§ **MATERIAL FOR THE TASK**
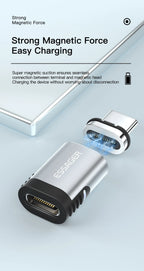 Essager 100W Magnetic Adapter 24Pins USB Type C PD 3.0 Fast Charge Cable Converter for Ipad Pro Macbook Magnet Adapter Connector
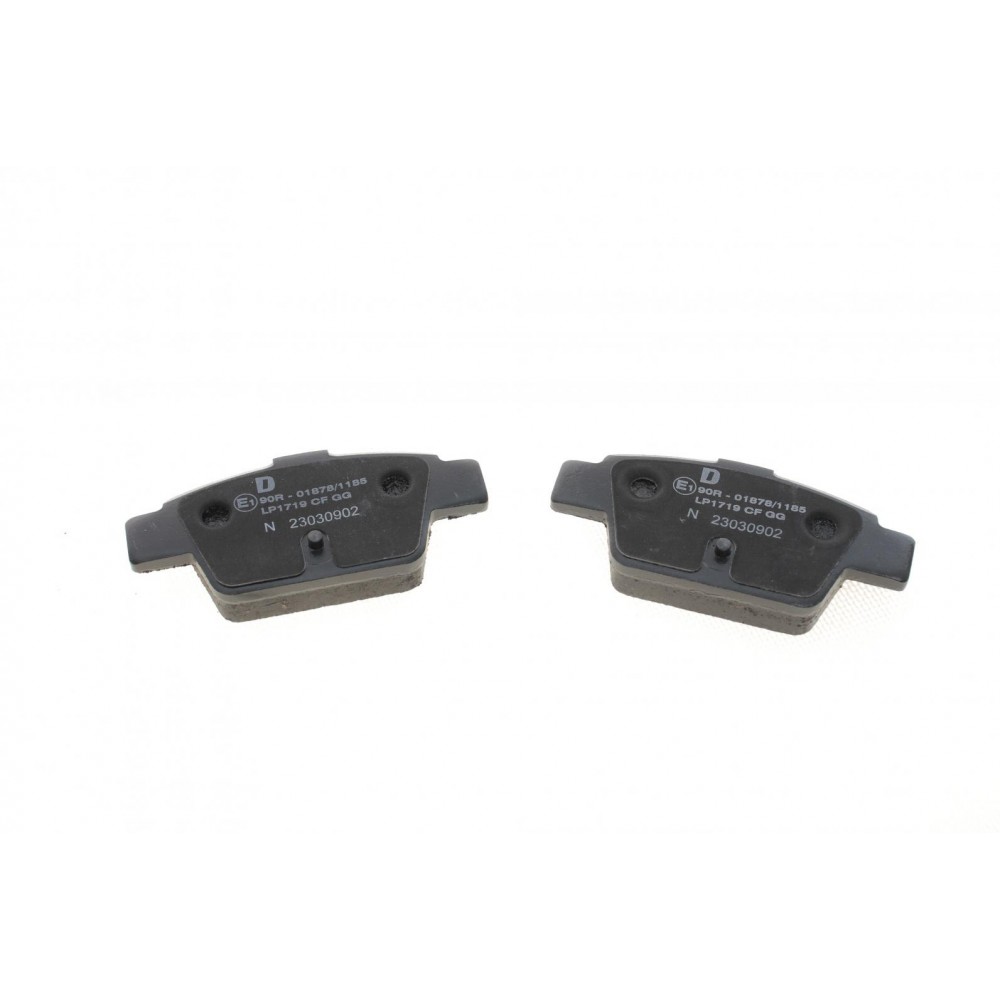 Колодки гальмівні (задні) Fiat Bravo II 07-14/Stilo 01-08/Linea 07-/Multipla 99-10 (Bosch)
--
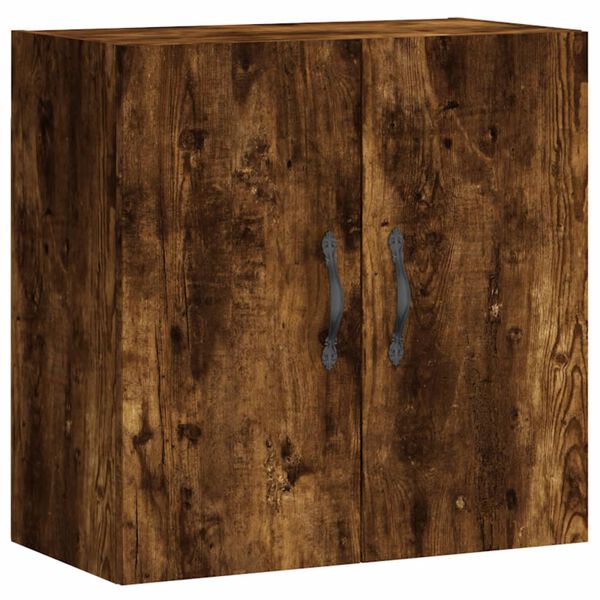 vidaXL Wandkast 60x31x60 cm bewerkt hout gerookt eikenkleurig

§ **EXERCISE PROMPT**
Starting at the line with "Essager 100W Magnetic" in the entries above, write out every line exactly until the line with "Колодки гальмівні (задні)" has been written. Include no pictures and nothing more.

§ **TASK RESULT**
 Essager 100W Magnetic Adapter 24Pins USB Type C PD 3.0 Fast Charge Cable Converter for Ipad Pro Macbook Magnet Adapter Connector
 Колодки гальмівні (задні) Fiat Bravo II 07-14/Stilo 01-08/Linea 07-/Multipla 99-10 (Bosch)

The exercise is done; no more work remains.